Summary benchmark of LINNAEUS and SPECIES.
| Corpus | Level | Software | Precision | Recall | F1 |
| S800 | Document | LINNAEUS | 86.4% | 89.3% | 87.9% |
| SPECIES | 85.9% | 89.8% | 87.8% | ||
| Mention | LINNAEUS | 84.3% | 75.4% | 79.6% | |
| SPECIES | 83.9% | 72.6% | 77.8% | ||
| L100E | Document | LINNAEUS | 89.2% | 91.4% | 90.3% |
| SPECIES | 89.9% | 94.3% | 92.0% | ||
| Mention | LINNAEUS | 88.7% | 81.8% | 85.1% | |
| SPECIES | 91.5% | 90.8% | 91.1% |
We compared LINNAEUS and SPECIES taggers by calculating their precision and recall on two different corpora (L100E an S800) at the document and at the mention level.

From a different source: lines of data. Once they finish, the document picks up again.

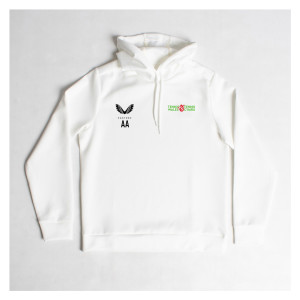 Castore Womens Tennis Hoody W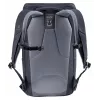 Deuter UP Stockholm batoh voľnočasový batoh čierny polyester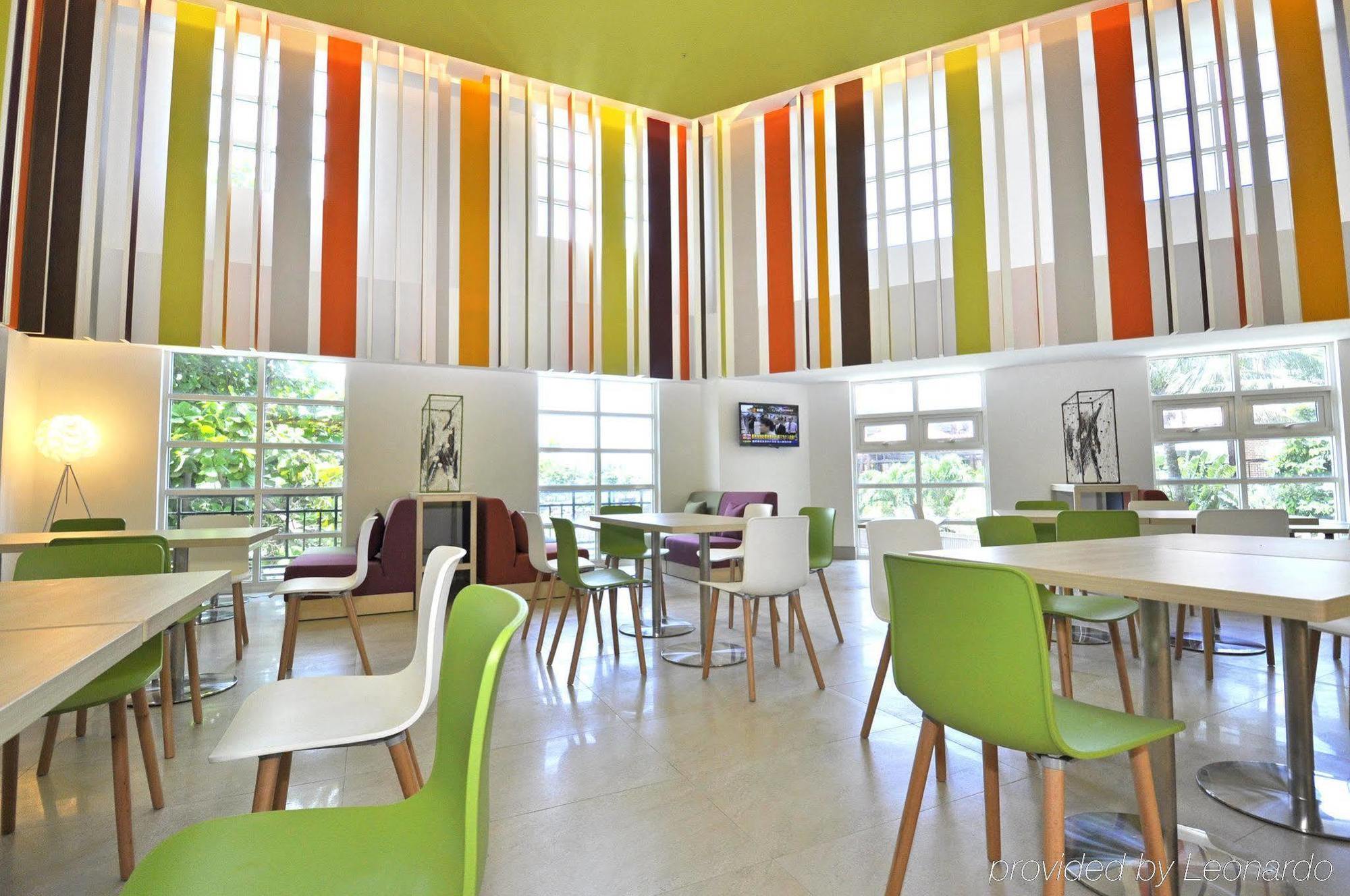 Fullon Poshtel Kenting Exterior foto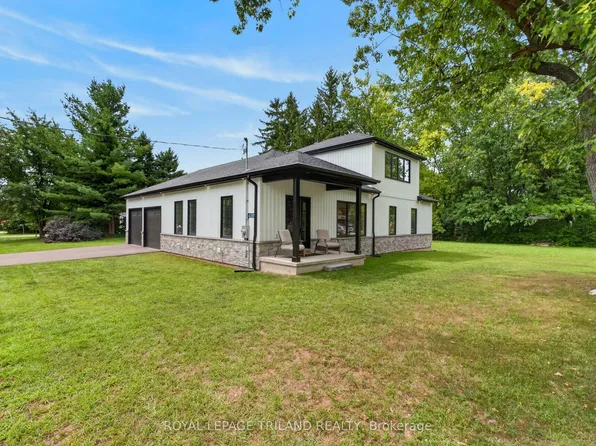 4397 Mill Cres, North Middlesex, ON N0M 1A0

Unsurprisingly, SPECIES performs better than LINNAEUS on the L100E corpus, which we used during the development SPECIES. On the S800 corpus, which did not exist when either tagger was developed, we obtain very similar performance numbers for the two taggers.
Figure 2Precision and recall for separate S800 categories.
Because the S800 corpus consists of seven different taxonomic categories (the eighth category is not taxonomic), it can provide insights into which types of species are hard to identify in text and which are easy. Plotting the precision and recall on each of the seven categories separately for both the LINNAEUS and the SPECIES tagger shows little difference between the taggers, but big differences between categories. It is clear that both methods are considerably worse at tagging names of viruses than at tagging cellular organisms, and that bacterial and fungal species—for which Linnaean nomenclature is primarily used—are the easiest to identify in text.
Figure 3The ORGANISMS web resource.
The ORGANISMS web resource (http://organisms.jensenlab.org) aims to make the results of mining the biomedical literature for taxonomic names easily accessible to biologists. It currently covers 164,084 different taxa that can be queried by name. The screenshot shows an example of what is retrieved when searching for Metatheria; because the system is aware of synonyms as well as taxonomy, it correctly retrieved and tagged an abstract about the tammar wallaby.